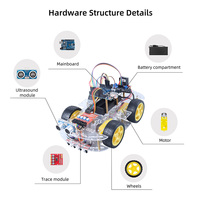Kit de Coche Robótico Inteligente Tscinbuny 4WD con Evitación de Obstáculos Ultrasónica y Seguimiento de Líneas, Kit de Programación STEM para Estudiantes y Escuelas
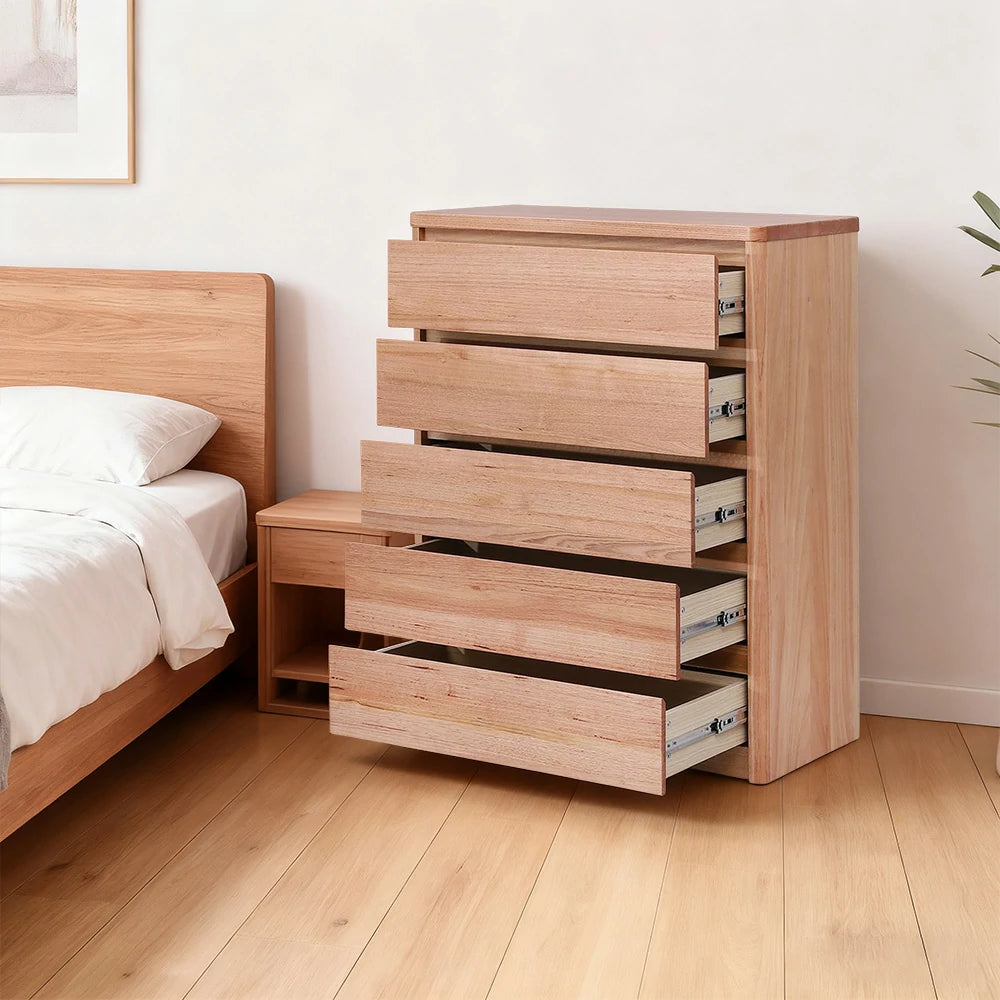 LIVARA 423 Tallboy in Tasmanian Oak with Five Drawers, Handle-Free Design, Rounded Edges and Natural Finish
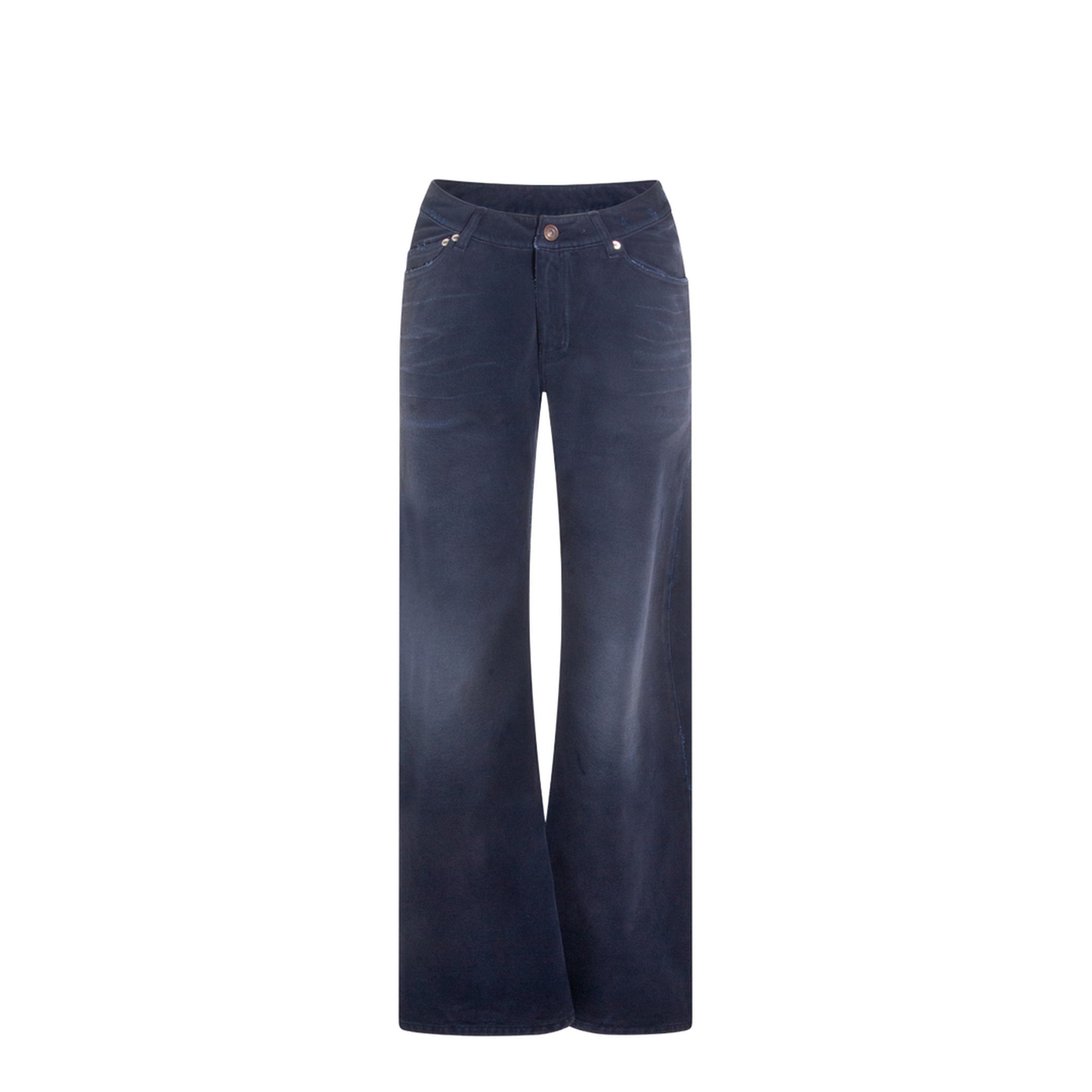 Curved Waist Pants in Navy/Dirty Dark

* [TASK DESCRIPTION]: Without including any picture, copy the listing above exactly and in full.

* [RESULT OF THE TASK]:
Kit de Coche Robótico Inteligente Tscinbuny 4WD con Evitación de Obstáculos Ultrasónica y Seguimiento de Líneas, Kit de Programación STEM para Estudiantes y Escuelas
 LIVARA 423 Tallboy in Tasmanian Oak with Five Drawers, Handle-Free Design, Rounded Edges and Natural Finish
 Curved Waist Pants in Navy/Dirty Dark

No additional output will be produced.